Low Carb Keto Tuna Avocado Roll with Cauliflower Rice
I don’t know why, but I’ve been on a sushi tear lately.
I’ve made spicy salmon rolls, cauliflower rice chirashi, salmon and cream cheese rolls and now tuna avocado rolls.
I’d seen recipes for cauliflower rice sushi rolls floating around on Pinterest but hadn’t ever tried it before.
I thought to myself, "This will either be really good, or it will be an abomination and an insult to the very idea of sushi." And I'm happy to report that it was the first one! For my version of the roll, I seasoned the cauliflower rice with sesame oil, rice vinegar and a little bit of sweetener. This made it taste a lot like seasoned chirashi rice. (Yum.)
To make these low carb tuna avocado rolls, all you need are 2 sheets of nori, sushi grade tuna steak, avocado, cauliflower rice, sesame oil, sugar free sweetener and rice vinegar.
You begin by cooking the cauliflower rice along with the seasoning in the microwave. Then you cut the fish and avocado into strips while the cauliflower rice cools. You assemble the roll by placing the cauliflower rice, fish and avocado onto a sheet of nori and rolling it up. Cut the roll into 6 pieces and you’re done.
You’ve got two killer low carb tuna avocado rolls.
Low Carb Tuna Avocado Roll with Cauliflower Rice
- 4 oz sushi grade tuna steak, sliced into 1/2 inch wide strips
- 1/2 ripe avocado, cut into 1/2 inch wide strips
- 2 cups cauliflower, riced
- 1 teaspoon sesame oil
- 2 tablespoons rice vinegar
- 1/2 tablespoon Swerve or equivalent granulated sweetener
- 2 sheets nori seaweed sushi wrapper
1. Add cauliflower florets to a food processor or high powered blender and process until it’s the consistency of rice.
2. Mix together cauliflower rice, sesame oil, rice vinegar and sweetener in a medium sized microwave safe bowl. Cover tightly with plastic wrap. Microwave on High for 5 minutes. Remove from the microwave and remove plastic wrap. Allow it to cool while you prepare the tuna and the avocado.
3. Slice the tuna into long 1/2 wide strips. Remove the seed from 1 avocado and cut half of it into 1/2 inch strips.
4. Assemble the sushi roll. Use a bamboo sushi mat if you have one. Otherwise, just use your hands.
6. Spoon 1/2 of the cauliflower rice into the middle a sheet of nori.
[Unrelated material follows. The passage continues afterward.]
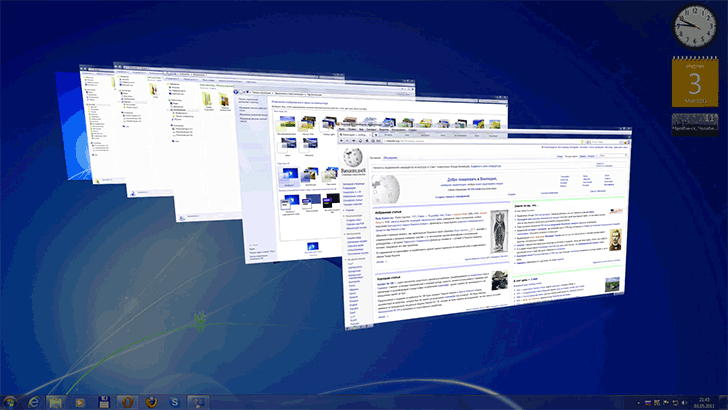 Интерфейс Windows 7 Aero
Spread it out, leaving 1 inch on each side. Add tuna slices along the one of the short sides. Use 1/2 of the tuna to make a log shape along the edge of the wrapper.
7. Top the tuna with 1/2 of the avocado slices. Moisten the opposite short side.
8. Starting on the side with the ingredients, gently begin rolling the sushi roll over itself. Place your thumbs underneath the bamboo mat and lift the edge that is closest to you up and over the filling.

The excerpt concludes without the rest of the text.